*Assignment*. Could you transcribe the entries below exactly, starting at the line that contains "Abstract fun color" and stopping at the last line, without any pictures?

*Material for this task*.
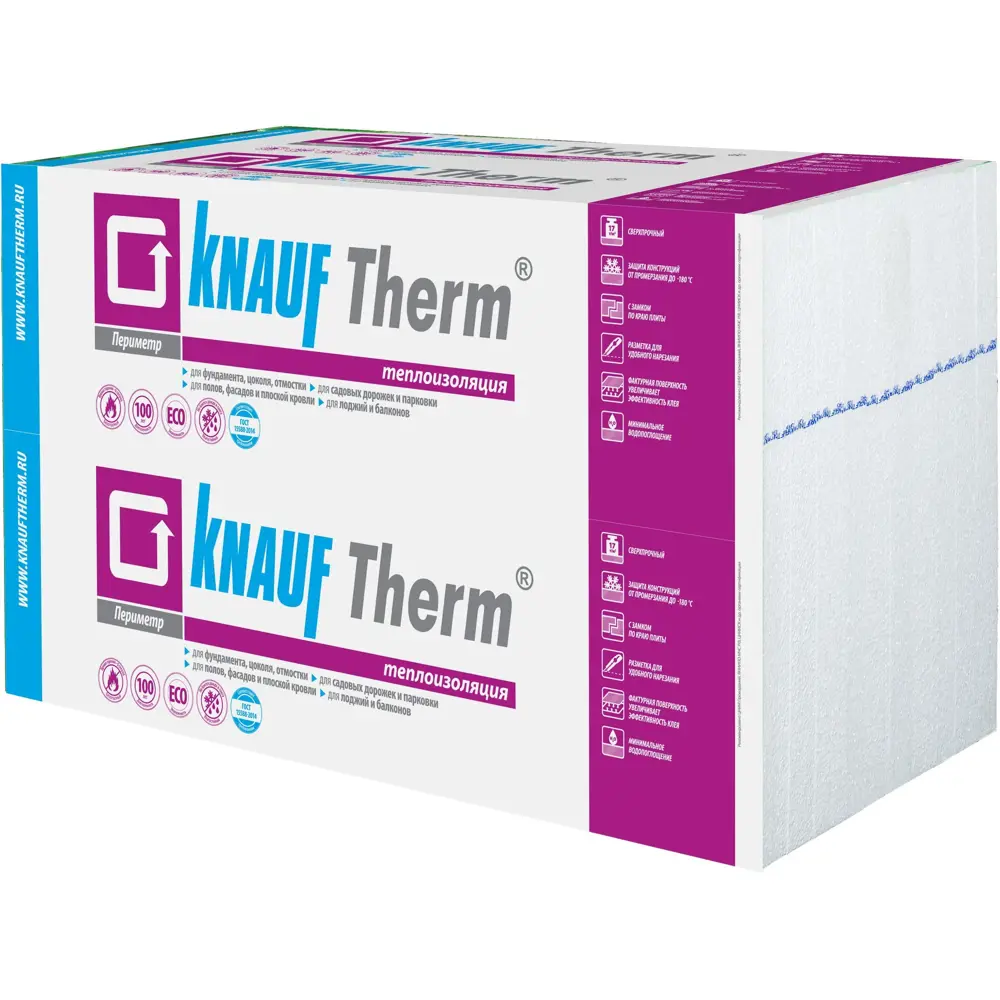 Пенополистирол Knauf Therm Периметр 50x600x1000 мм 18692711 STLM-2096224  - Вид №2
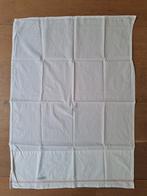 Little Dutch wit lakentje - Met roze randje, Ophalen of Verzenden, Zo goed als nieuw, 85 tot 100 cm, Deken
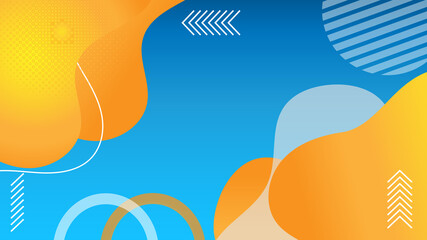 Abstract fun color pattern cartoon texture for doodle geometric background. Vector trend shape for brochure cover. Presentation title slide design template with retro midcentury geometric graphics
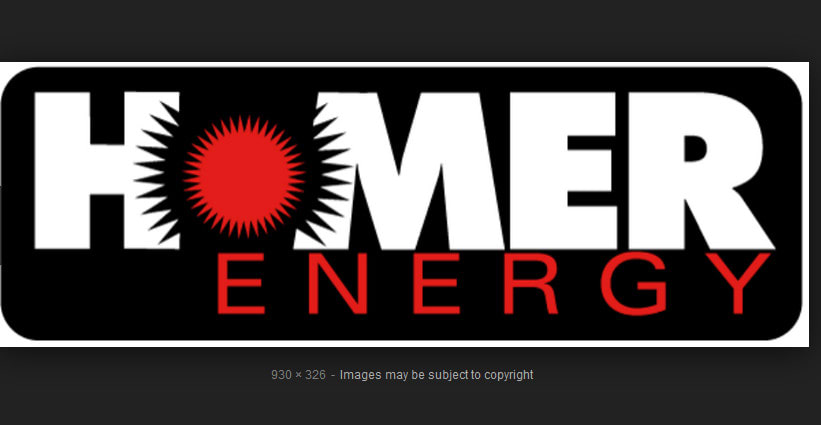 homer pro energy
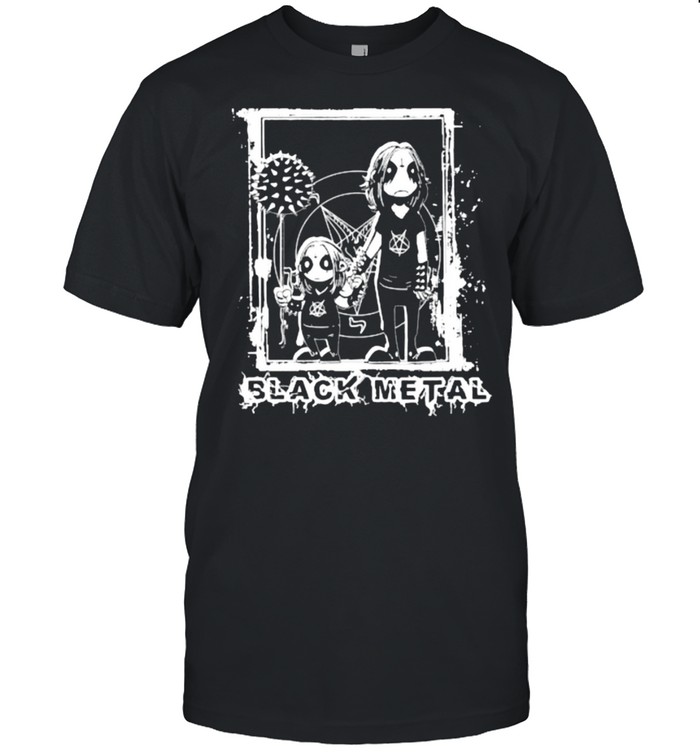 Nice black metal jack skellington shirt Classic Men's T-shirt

*Expected output*.
 Abstract fun color pattern cartoon texture for doodle geometric background. Vector trend shape for brochure cover. Presentation title slide design template with retro midcentury geometric graphics
 homer pro energy
 Nice black metal jack skellington shirt Classic Men's T-shirt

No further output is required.